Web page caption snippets
-------
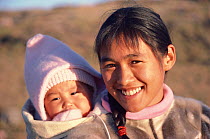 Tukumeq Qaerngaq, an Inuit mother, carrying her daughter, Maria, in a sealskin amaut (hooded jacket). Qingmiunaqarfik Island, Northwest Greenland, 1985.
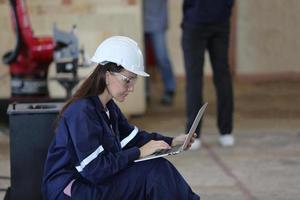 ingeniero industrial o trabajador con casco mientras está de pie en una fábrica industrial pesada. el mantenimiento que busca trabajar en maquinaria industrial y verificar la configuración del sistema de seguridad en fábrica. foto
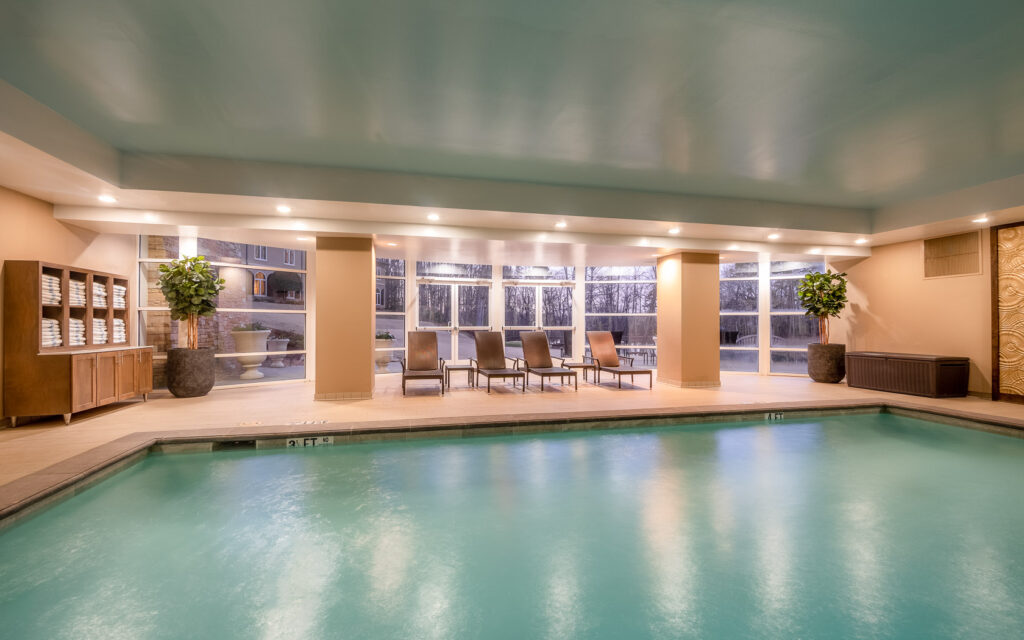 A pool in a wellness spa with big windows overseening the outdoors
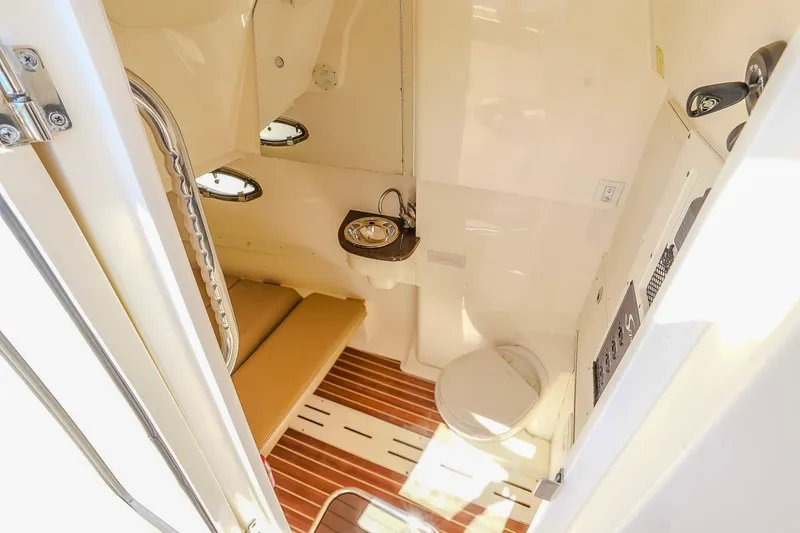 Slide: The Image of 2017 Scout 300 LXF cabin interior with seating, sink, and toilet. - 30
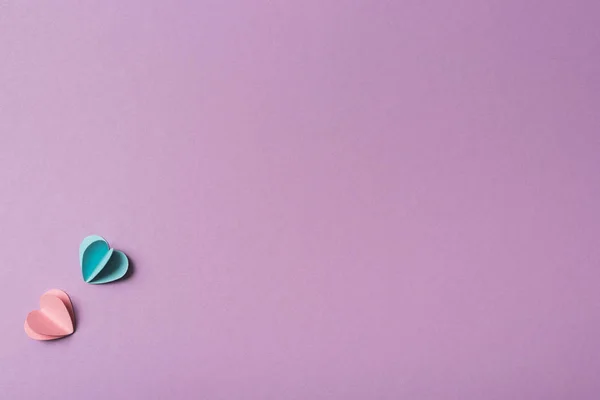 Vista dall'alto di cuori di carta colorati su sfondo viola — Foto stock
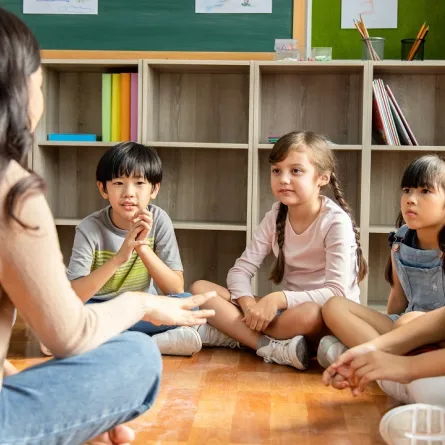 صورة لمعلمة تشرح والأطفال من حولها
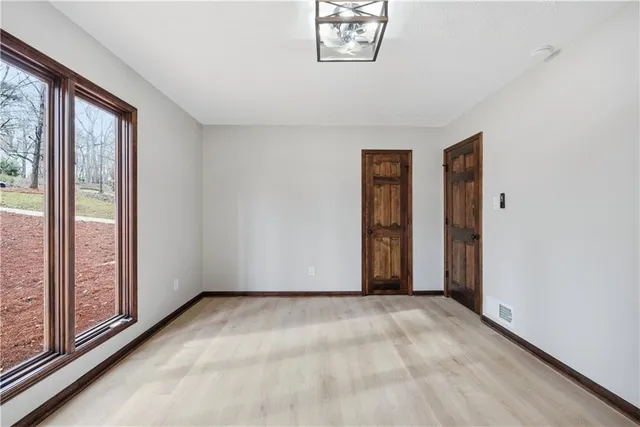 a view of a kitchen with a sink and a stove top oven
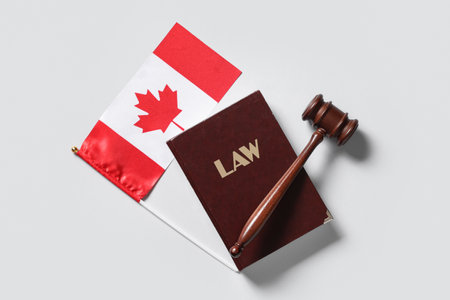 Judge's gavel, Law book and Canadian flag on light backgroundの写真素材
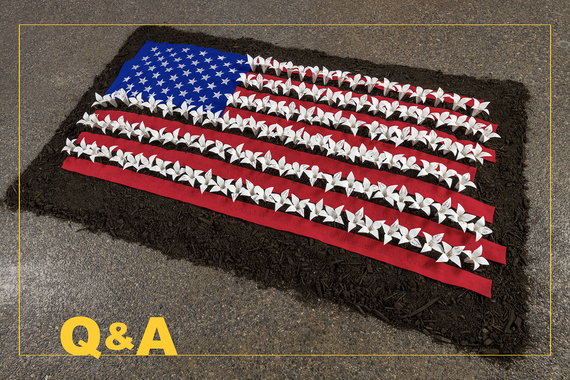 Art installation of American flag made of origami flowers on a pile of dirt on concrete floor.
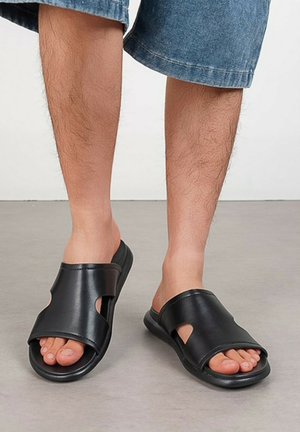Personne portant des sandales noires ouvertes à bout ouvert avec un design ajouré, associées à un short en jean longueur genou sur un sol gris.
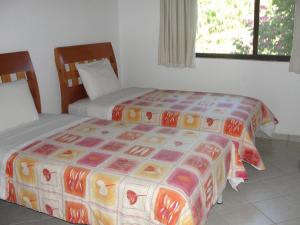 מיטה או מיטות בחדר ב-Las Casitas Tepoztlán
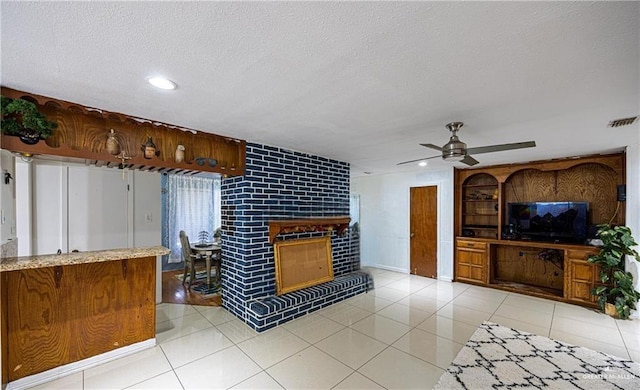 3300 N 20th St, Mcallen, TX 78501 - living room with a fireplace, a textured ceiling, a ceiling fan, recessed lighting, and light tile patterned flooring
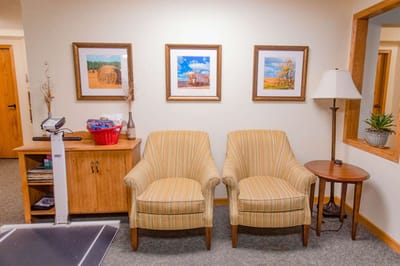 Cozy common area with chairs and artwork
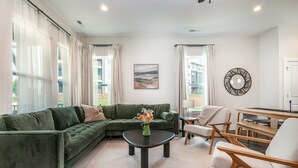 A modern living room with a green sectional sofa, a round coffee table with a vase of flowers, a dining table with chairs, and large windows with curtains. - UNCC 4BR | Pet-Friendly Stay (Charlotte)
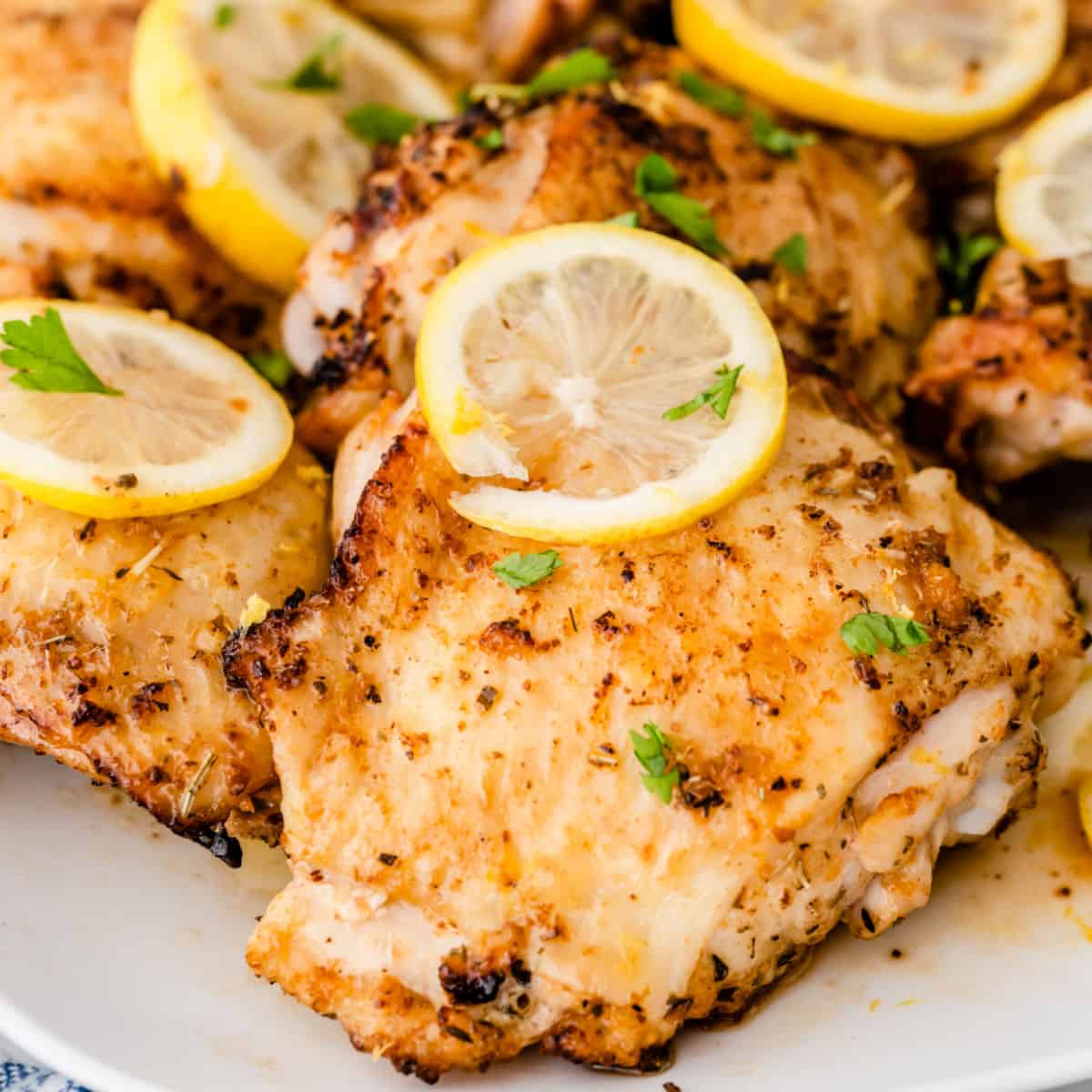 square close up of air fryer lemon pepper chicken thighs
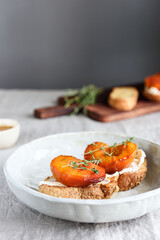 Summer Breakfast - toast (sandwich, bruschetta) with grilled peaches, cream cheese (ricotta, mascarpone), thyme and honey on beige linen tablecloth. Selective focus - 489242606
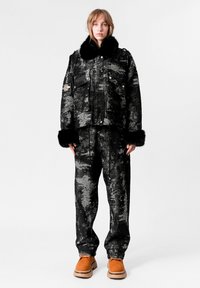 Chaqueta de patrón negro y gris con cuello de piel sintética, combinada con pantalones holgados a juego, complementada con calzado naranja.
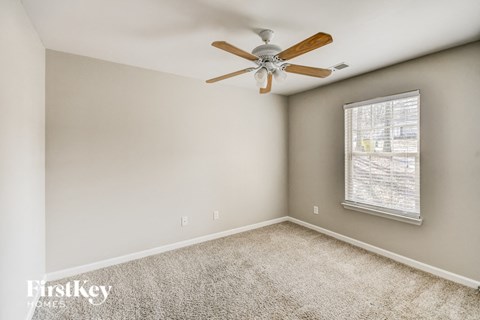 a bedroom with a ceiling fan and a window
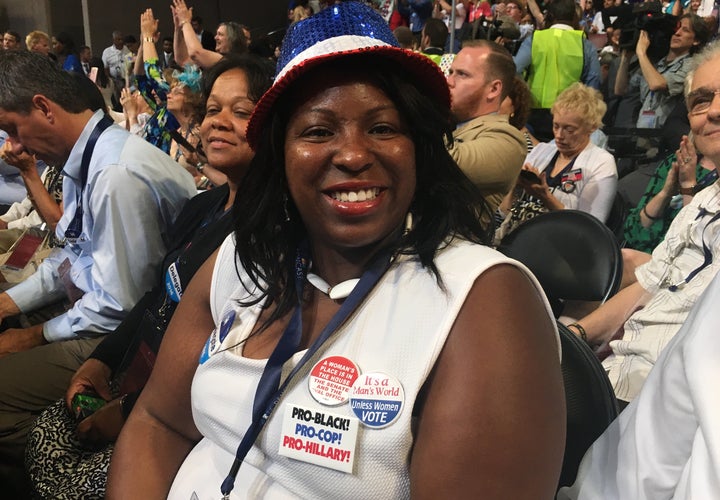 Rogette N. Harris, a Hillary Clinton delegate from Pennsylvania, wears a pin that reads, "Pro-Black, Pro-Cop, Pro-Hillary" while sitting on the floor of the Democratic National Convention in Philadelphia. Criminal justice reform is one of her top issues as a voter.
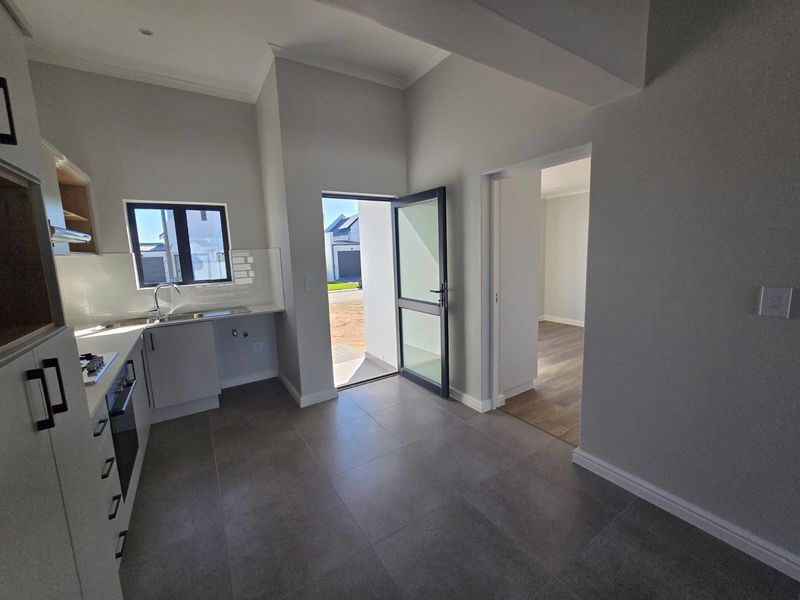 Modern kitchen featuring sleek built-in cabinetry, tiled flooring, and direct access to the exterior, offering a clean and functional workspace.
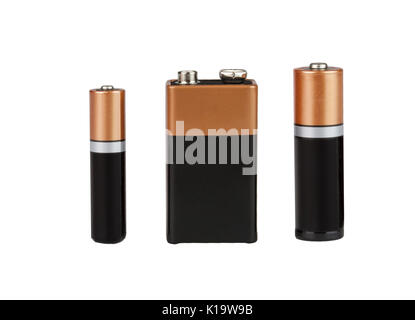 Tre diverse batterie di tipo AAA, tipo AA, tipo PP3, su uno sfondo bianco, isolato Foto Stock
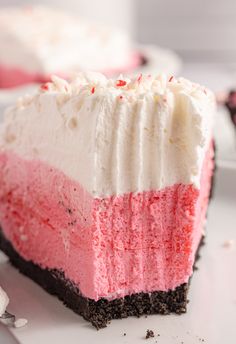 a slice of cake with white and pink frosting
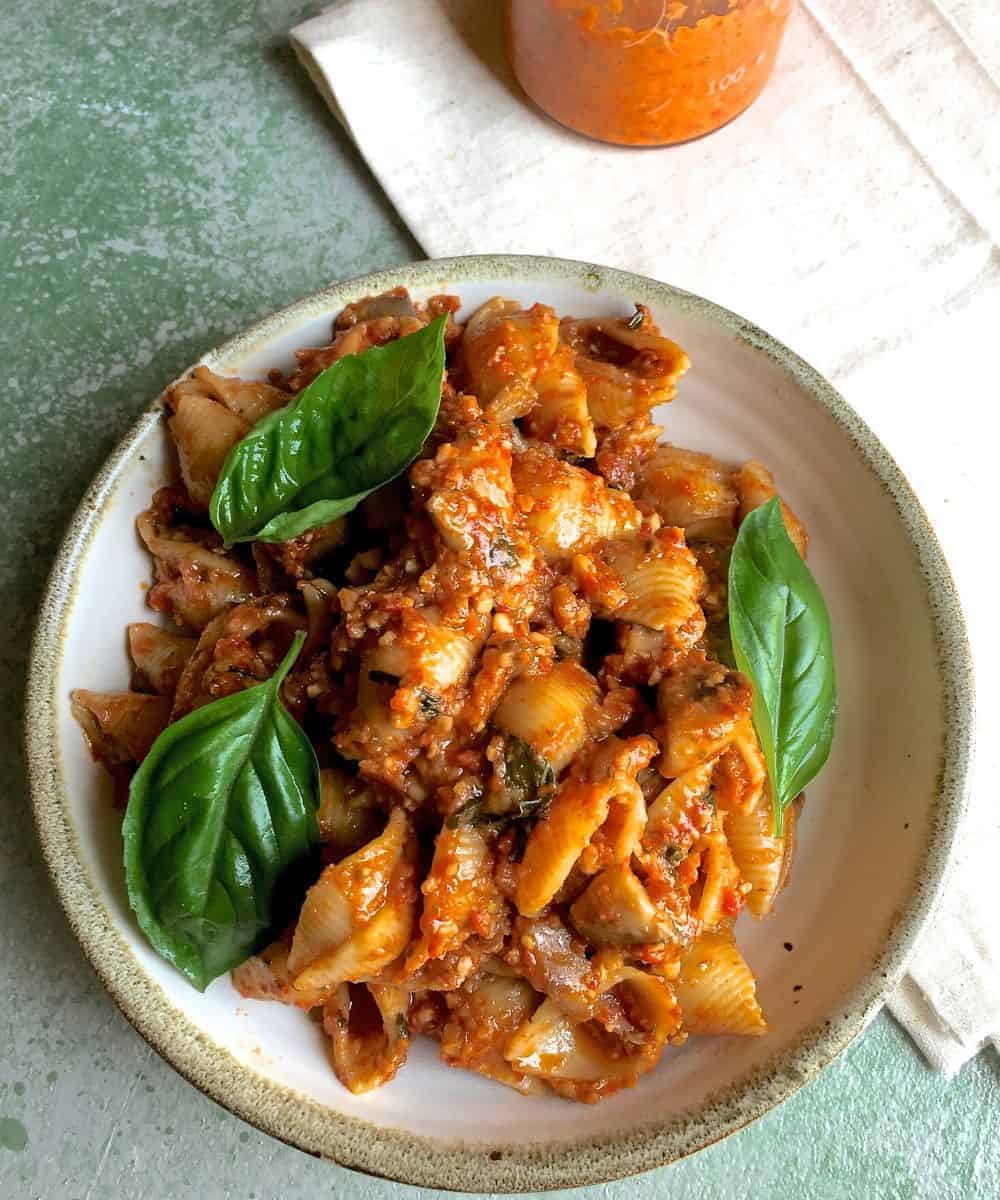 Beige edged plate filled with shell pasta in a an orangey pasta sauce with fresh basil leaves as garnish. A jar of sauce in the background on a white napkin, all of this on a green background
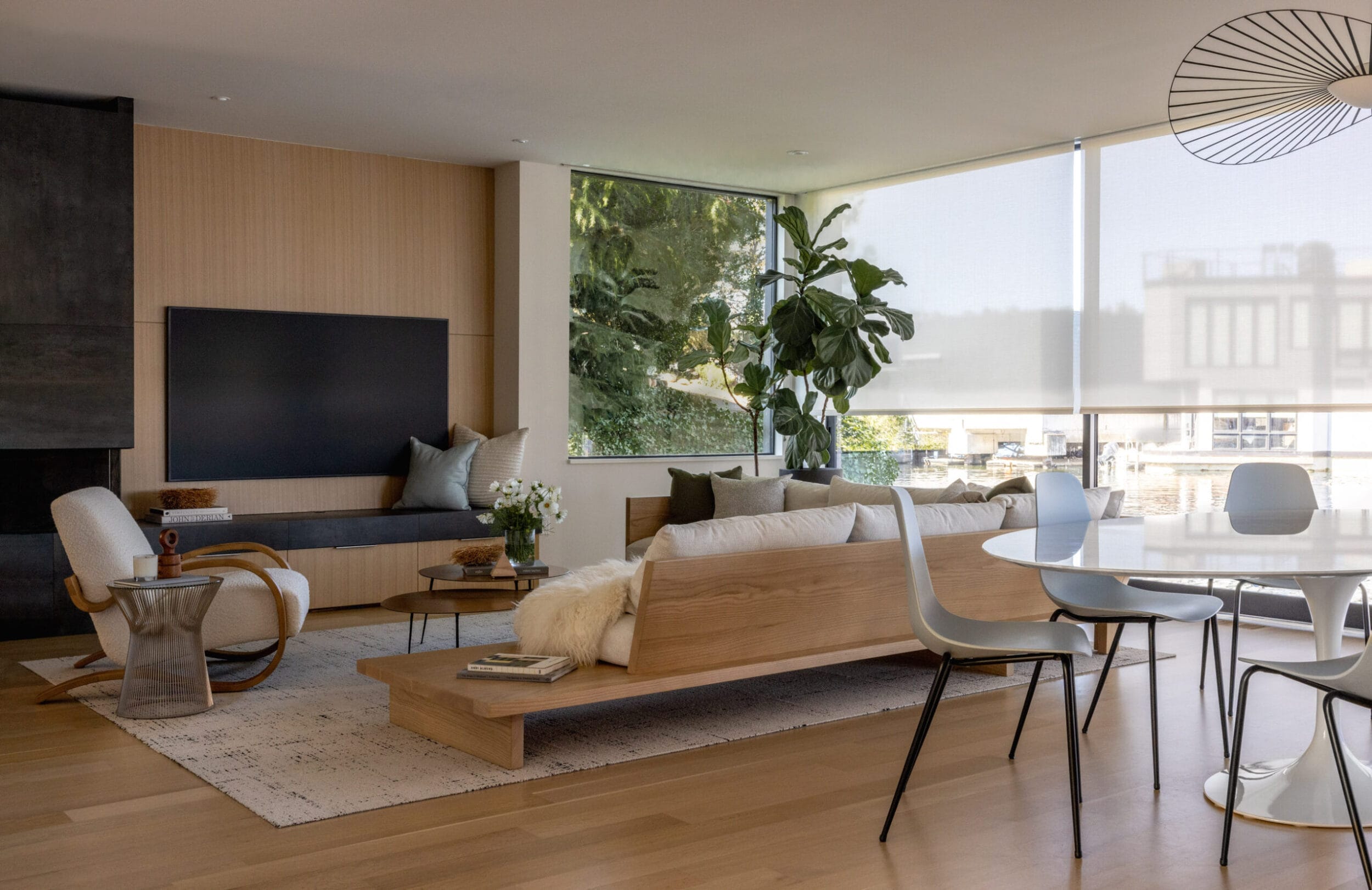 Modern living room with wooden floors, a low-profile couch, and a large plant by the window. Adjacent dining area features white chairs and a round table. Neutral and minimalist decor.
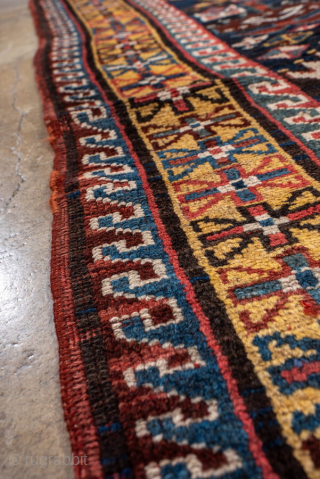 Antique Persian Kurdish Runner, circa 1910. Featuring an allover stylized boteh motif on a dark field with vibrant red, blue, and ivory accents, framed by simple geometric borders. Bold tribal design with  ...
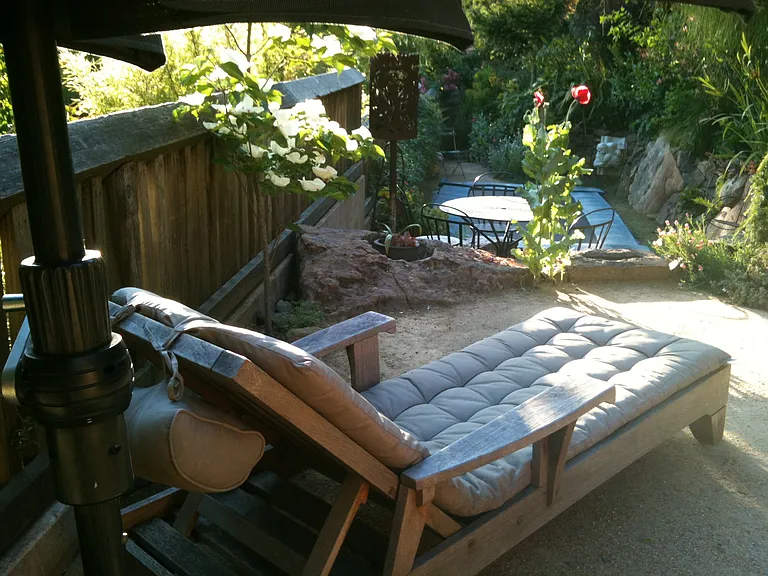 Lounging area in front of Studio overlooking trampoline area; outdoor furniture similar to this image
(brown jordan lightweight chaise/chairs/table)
-------
**TASK TO CARRY OUT:** Print nothing but the lines above starting with the line that contains "Cozy common area with chairs and artwork" and going on through the line that contains "square close up". Leave out the pictures.

**RESULT BELOW:**
 Cozy common area with chairs and artwork
 A modern living room with a green sectional sofa, a round coffee table with a vase of flowers, a dining table with chairs, and large windows with curtains. - UNCC 4BR | Pet-Friendly Stay (Charlotte)
 square close up of air fryer lemon pepper chicken thighs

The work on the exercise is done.